On the Table: A Series on Food and Culture Set in Spain

If you’ve never been grocery shopping outside the United States, you might be surprised to know that much of the world does so without ever stepping foot inside a supermarket. If you have, you might now be recalling memories of walking through town with a bag on your shoulder, hopping from the butcher to the bulk store, peeking into the fruit store on the way, waving to the ladies who stand behind the counter while trying to ascertain whether there is broccoli today. The closest bread store to my apartment, Panris, is a franchise that sells bread all over town, its most popular being uniform bland baguettes longer than your arm that you can take home for less than a euro. I count it a small miracle, then, to have actually found my bread guy at the cheese store, when I asked the attendant about the few loaves he had just placed in the window. 

Son unos panes brutales,” he said, which translates the way you would expect, but which I took to mean good. Brutally good. “They’re all made with organic flour from here.” He looked at me with true reverence in his eyes, and I felt as though I had discovered a secret only a select few in the neighborhood knew about. I took home a loaf of bread the color of café con leche and speckled with pumpkin seeds, and from that moment on was dependent on the bread from Miga de Mariana, a bakery in Aviles about 30 kilometers away. This would all be fine, except that Mariana only delivers to Gijon on Thursdays, after I’ve left for school, and the entire delivery is usually sold out before I get back in the afternoon.

The pumpkin loaf I bought from the quesería was sourdough, a type of bread I had until then understood to be a just another white toast choice that goes with eggs at the diner. I since learned that, in fact, all breads exist in the sourdough binary: they are either fermented naturally or they aren’t. You either let your flour mingle with the yeast in the air, breathing what you breathe, the pollen in spring, the salt off the ocean, the expiration of thousands of people walking past your window, or you buy commercially isolated yeast in a packet from the grocery store.
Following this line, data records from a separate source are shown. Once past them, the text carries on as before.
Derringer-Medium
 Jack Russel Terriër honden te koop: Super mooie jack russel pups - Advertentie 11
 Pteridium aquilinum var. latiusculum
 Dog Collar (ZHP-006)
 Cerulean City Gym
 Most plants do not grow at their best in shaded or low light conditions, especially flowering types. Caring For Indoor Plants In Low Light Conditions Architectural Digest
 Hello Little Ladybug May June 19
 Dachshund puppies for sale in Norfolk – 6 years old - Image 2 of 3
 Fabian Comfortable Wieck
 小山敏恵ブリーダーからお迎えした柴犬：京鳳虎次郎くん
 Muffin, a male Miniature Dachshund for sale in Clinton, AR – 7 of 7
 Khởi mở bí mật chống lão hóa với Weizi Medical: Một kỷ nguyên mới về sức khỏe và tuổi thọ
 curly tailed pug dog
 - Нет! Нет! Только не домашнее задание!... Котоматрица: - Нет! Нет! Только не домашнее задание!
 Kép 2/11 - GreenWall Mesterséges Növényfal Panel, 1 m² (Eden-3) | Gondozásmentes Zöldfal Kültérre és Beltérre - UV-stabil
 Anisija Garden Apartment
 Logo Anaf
Such a disciple I had been made that when I went home for Christmas break, I asked my stepdad, who had recently begun bread-making as a hobby, for a bit of his sourdough starter. I sniffed the jar and carefully packed it in a pile of sweatshirts in my checked luggage, unsure if the yeast, which I correctly suspected at the time would become more of a pet, would make it through customs.

 
Last year, I spent a few horrified weeks reading David Wallace-Wells’s The Uninhabitable Earth. In it, he describes the possible future that awaits us should we fail to address the current climate emergency. The scenarios are shocking, even for someone who has studied climate change, and at one point I actually threw my book against the table in despair. However, as a friend and I were talking about it, the part that stuck with both of us, surprisingly, was not about rising temperature but about the history of wheat. The domestication of grain-bearing grasses, and therefore the entire Neolithic Revolution and our species’ turn toward farming, he says, was the worst thing to ever happen to humans. As we learned to plant cereal, humans began to live in denser settlements, devoting more time and energy to the cultivation of food, sparking increased rates of war and disease. We lost our free time, our mobility, and the idea that we could find everything we need at earth’s table. Instead, even as we believed ourselves to be the planet’s sovereign, we hinged our survival on the care and cultivation of one single other species. Quoting Yuval Noah Harari, he says, “We didn’t domesticate wheat. Wheat domesticated us.”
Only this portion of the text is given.